In Chapter 3, titled “The Doctor Won’t See You Now: Examining Drivers of Care Team Response to Patient Portal Messages”, my co-authors and I investigate the drivers of provider engagement with patient portal messages. Prior work has shown that when patients from historically disadvantaged groups (e.g., racial and ethnic minorities, those with lower socioeconomic status) send messages to their care teams, they are less likely to receive responses from physicians, seemingly driven by lower prioritization in the message triaging process. In this study we leverage natural language processing (NLP) tools to analyze the text of patient portal messages from a large academic health system.
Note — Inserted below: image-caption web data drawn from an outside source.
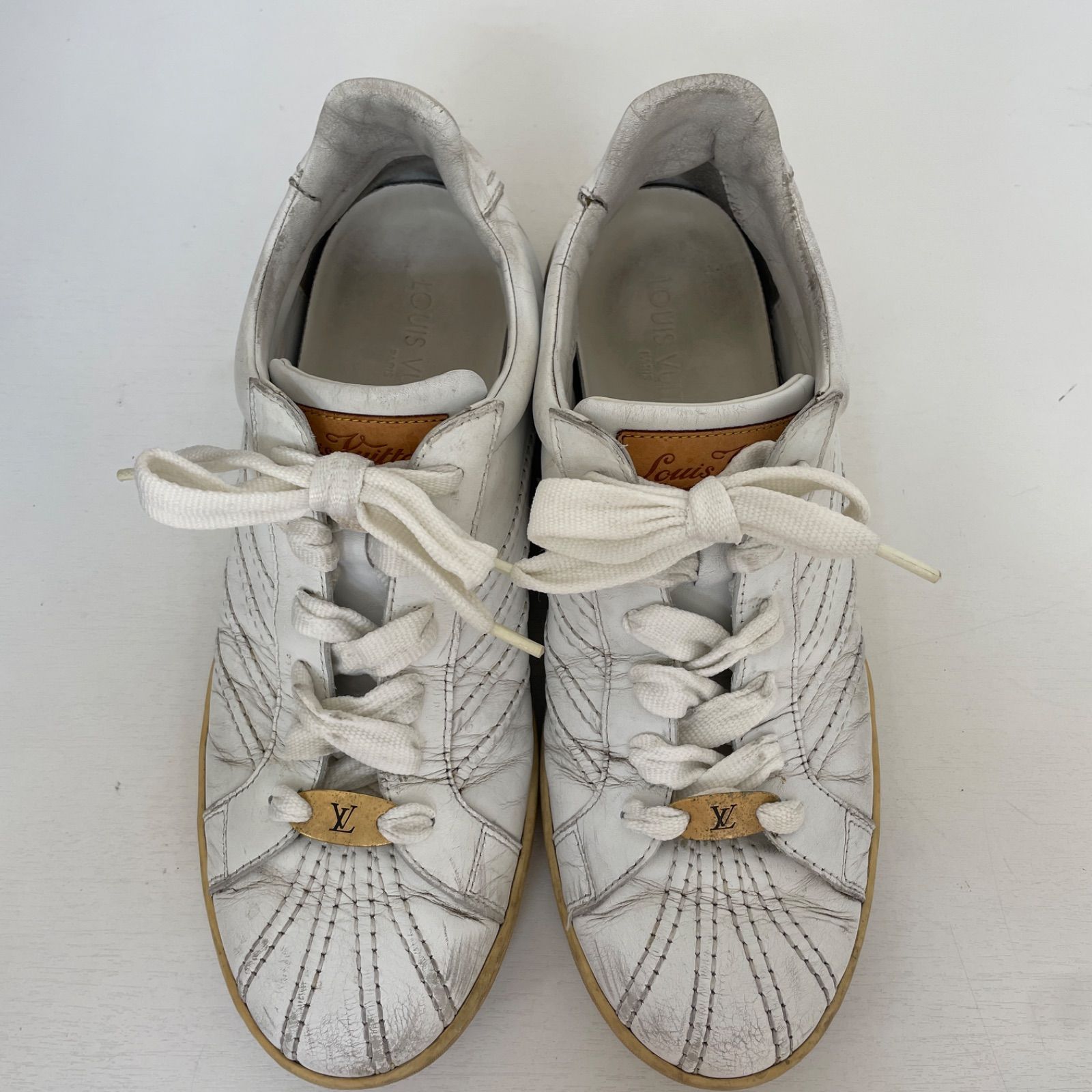 LOUIS VUITTON ルイヴィトン ローカットスニーカー メンズ レザー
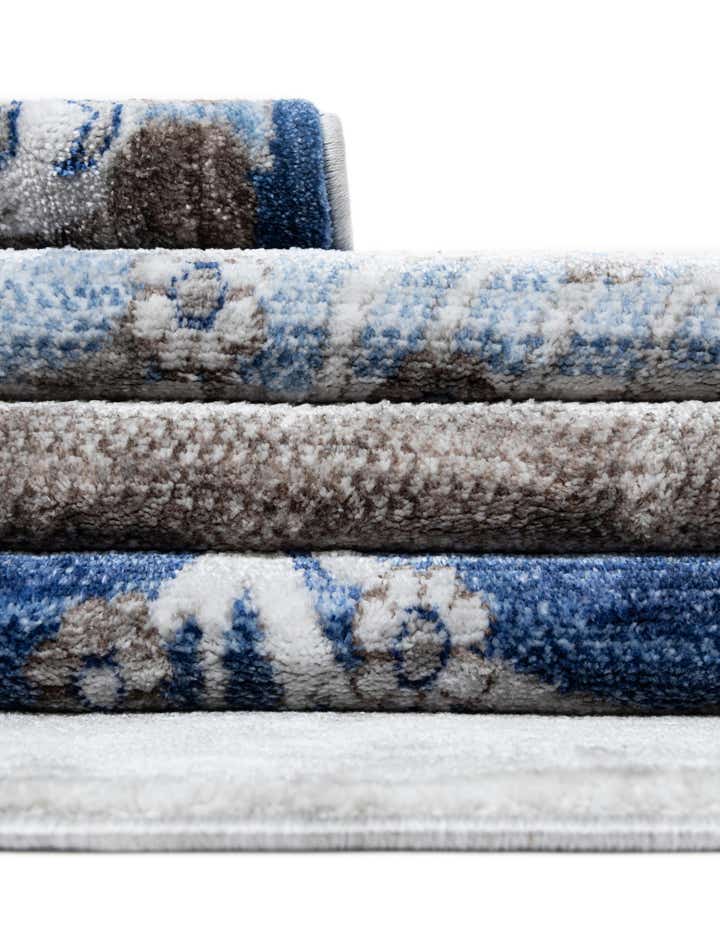 5' 3 x 8' Gabbeh Rug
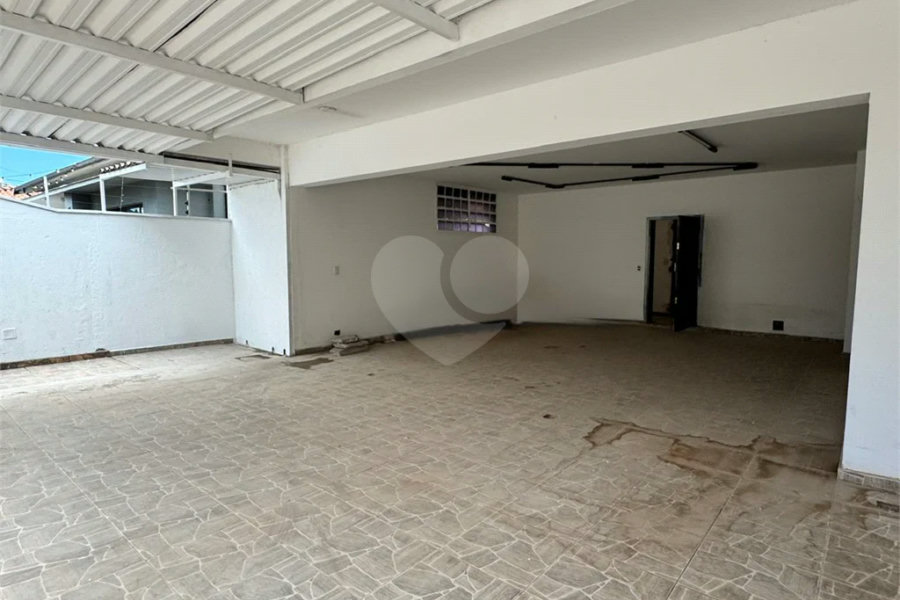 Sobrado Residencial e Comercial em Área Nobre de Piracicaba, para venda e locação.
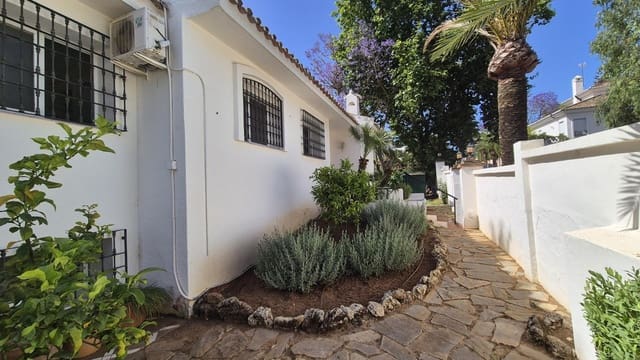 5 chambre Villa/Maison à vendre à Elviria, Marbella avec piscine garage - 1 075 000 € (Ref: 10076676)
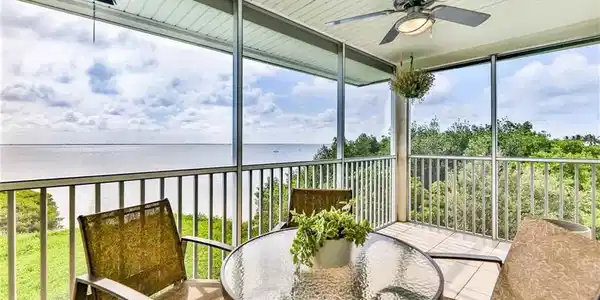 5343 Bayside Villas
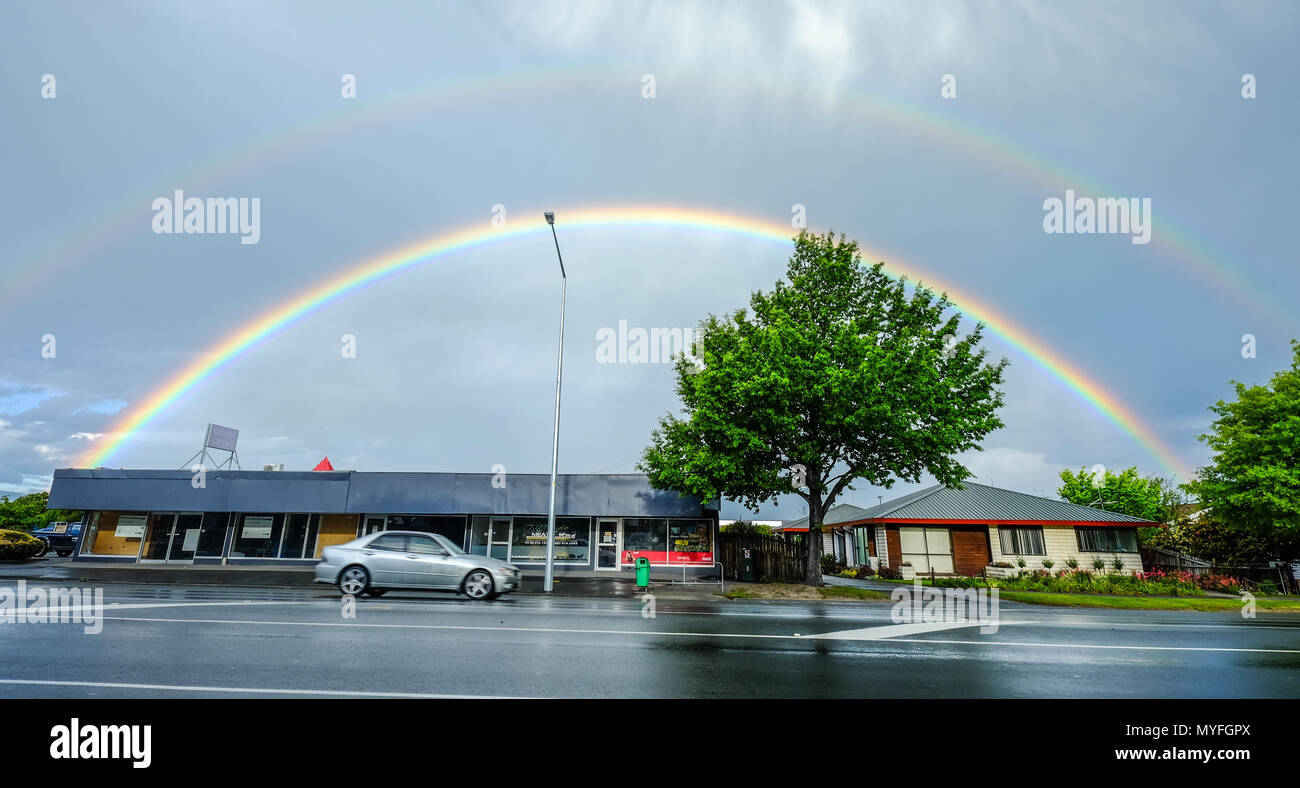 Otago, Nuova Zelanda - Novembre 3, 2016. Rainbow Bridge a Rainy day in area rurale di Otago, Nuova Zelanda. Foto Stock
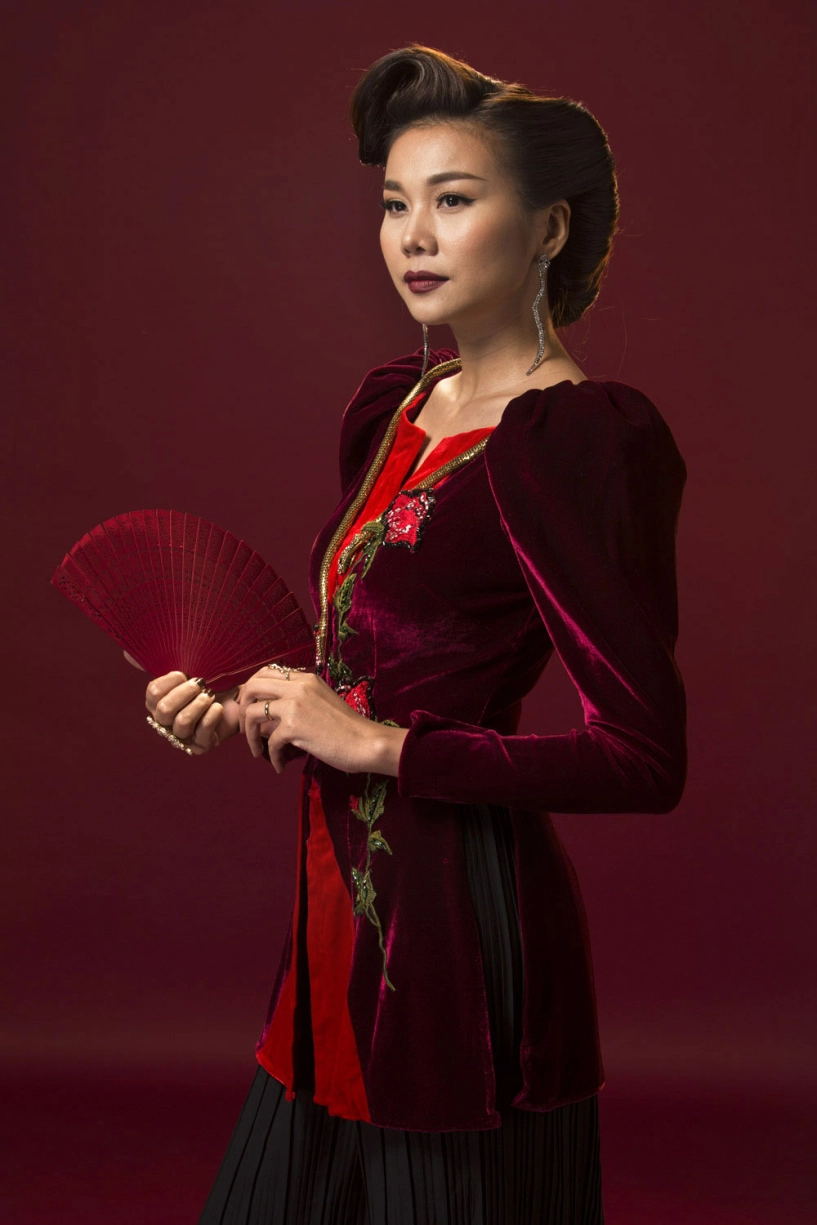 Thanh hằng thị uy con dâu midu bằng áo dài cuốn rắn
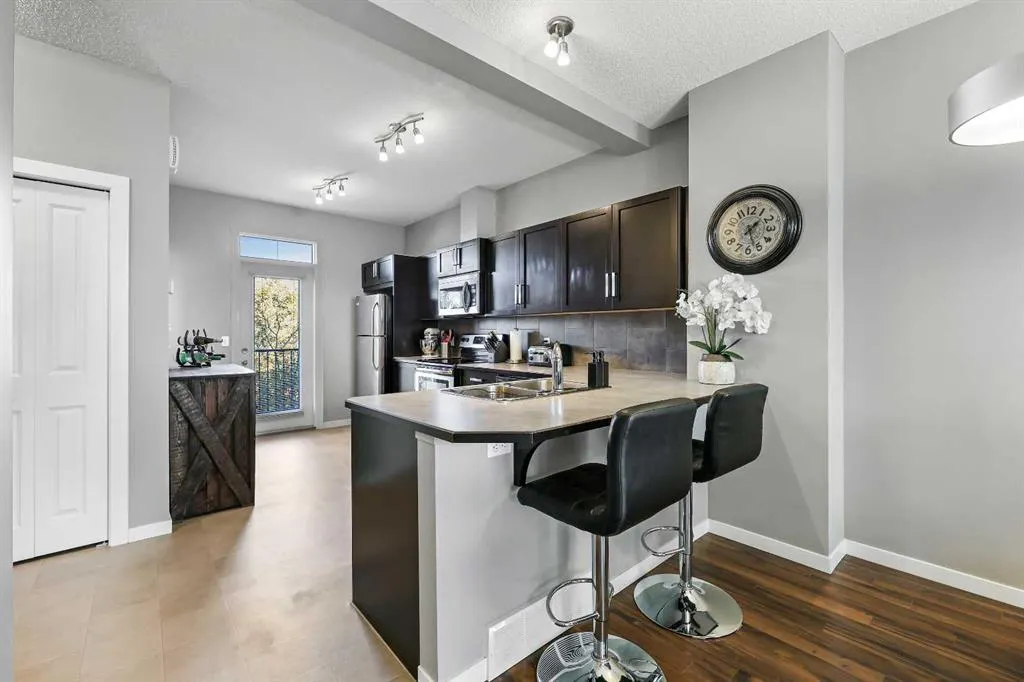 68 New Brighton Point SE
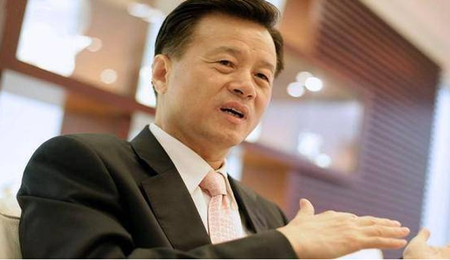 許榮茂:從中醫(yī)學(xué)徒到百億富豪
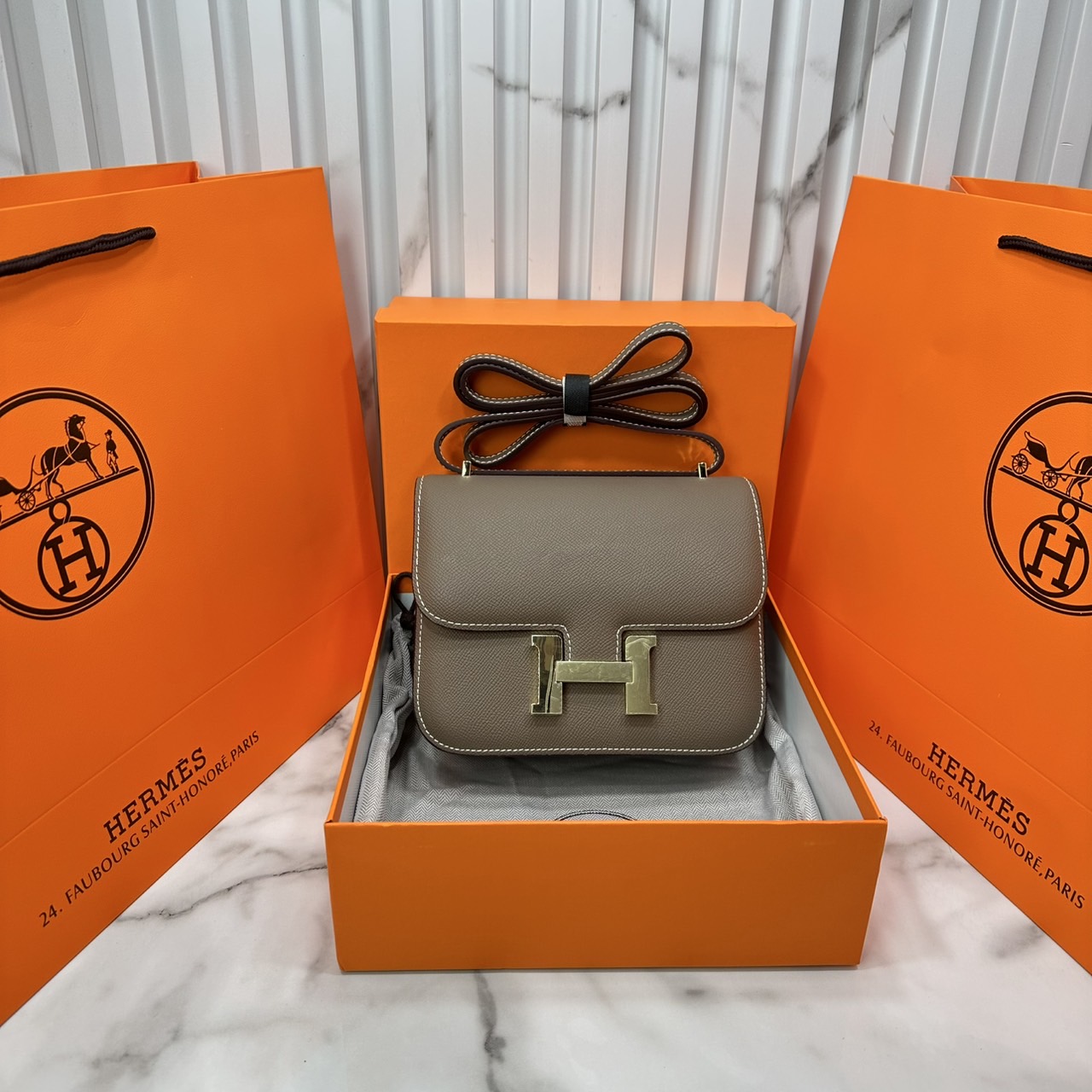 ORI หนังแท้ | Hermes Constance Bag กระเป๋าสะพายที่สุดแห่งหรูหราลัคชู นิยามของความสง่างามเหนือกาลเวลา แบรนด์เนมในฝัน งดงามดั่งเจ้าหญิง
Our goal is to understand what drives these differences in care team response, enabling us to separate three potential mechanisms: differences in message content and the underlying request of the message (e.g., medication question, referral request), differences in the way the messages are written, and non-clinical bias. We find that, while message content is a significant predictor of care team response, it cannot explain observed differences across demographic groups. On the other hand, the way the message is written – including writing style characteristics such as length and formality – accounts for nearly half of the observed differences. Our findings identify a clear mechanism underlying disparities in care team response, highlighting avenues for mitigating them and deepening our understanding of care disparities more broadly.